Why is FRT unreliable and discriminatory?

Illustration by Alina Najlis - © 2025 INCLO

Probe image

The main input of facial recognition systems used by police forces is composed of people’s facial images that serve as probe images that police will attempt to identify. These images include faces depicted from different angles, forms, quality, pixelation, etc. and, as such, can lead to a diversity of harms ranging from live systems being fed multiple faces as they are captured in real time with almost no human intervention to carefully human-edited probe images that may be, but are not always, used in retrospective systems.

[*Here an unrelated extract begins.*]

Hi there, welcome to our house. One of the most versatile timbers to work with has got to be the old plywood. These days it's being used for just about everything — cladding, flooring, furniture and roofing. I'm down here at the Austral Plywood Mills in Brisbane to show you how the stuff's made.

The key point here is that, in reality, facial imagery comes from many different sources and involves, at the very least, people holding many different poses, people being captured in very different lighting conditions, and faces being obscured by varying degrees due to the position of the camera, clothing or sunglasses, etc. These factors can affect the probe images:

  1. Pose: The position of the face in the probe image affects the attempted matching process.
  2. Illumination: The ambient lighting may affect the texture patterns detected in a face, including the possibility of highlighting or playing down certain traits or altering the shape of the face.
  3. Expression: Mainly impacting facial emotion recognition, the configuration of the large collection of muscles we have in our faces may also affect identification and verification.
  4. Occlusions: The use of accessories or other ways to cover part of the face, such as clothing, masks or hands, can result in part of the facial information not being available for facial recognition purposes. This may also affect the information that can be captured by altering, for example, the symmetry of a face.
  5. Imprecisely localized faces: Whereas the factors above refer to the environment where the person is, this one points towards the flaws of systems when conducting facial detection or when delineating facial features from a picture or video, making it difficult to determine where a face or a feature starts or ends.

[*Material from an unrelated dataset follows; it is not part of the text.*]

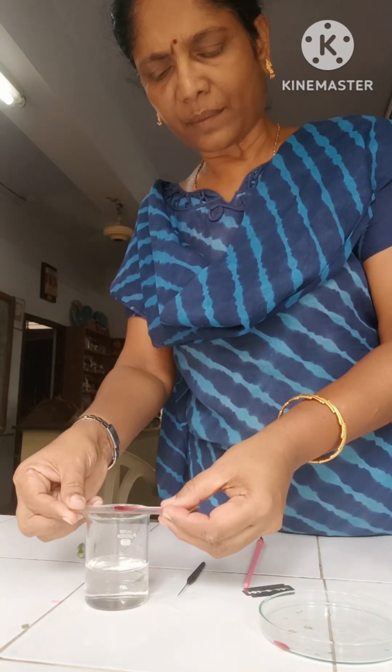Now the slide is ready. It can be observed under the microscope. It has been kept under the dissecting microscope, children. Can you observe small dot-like structures? They are the vascular bundles. Here the vascular bundles are scattered. In monocot stem the typical feature is scattered vascular bundles.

Reference database or watchlist

The unidentified probe image is compared against a set of identified images (reference databases or watchlists) in an attempt to find a “match”. A significant factor in the system’s performance will therefore be the quality of the images in these sets and the accuracy of the information contained in the database against which probe images are compared. This means that a match depends not only on the quality of the probe image, but also on the accuracy of the details contained in the reference database or watchlist as to the targets’ identities. For example, outdated lists of fugitives in a reference database may lead to wrongful arrests.

Training dataset

Other than the probe images and the database images, there is a third set of images that needs to be considered and is accounted for in these principles: the dataset. This is the set of images that are fed into the system during its training phase, before the system’s deployment and use by the police. This training phase aims to teach the system to recognize patterns (in this case facial features) on the basis of thousands of images of people’s faces. This stage also aims at increasing the system’s robustness to overcome aforementioned challenging conditions that can affect the reliability of the system, such as images with partially covered or obscured faces.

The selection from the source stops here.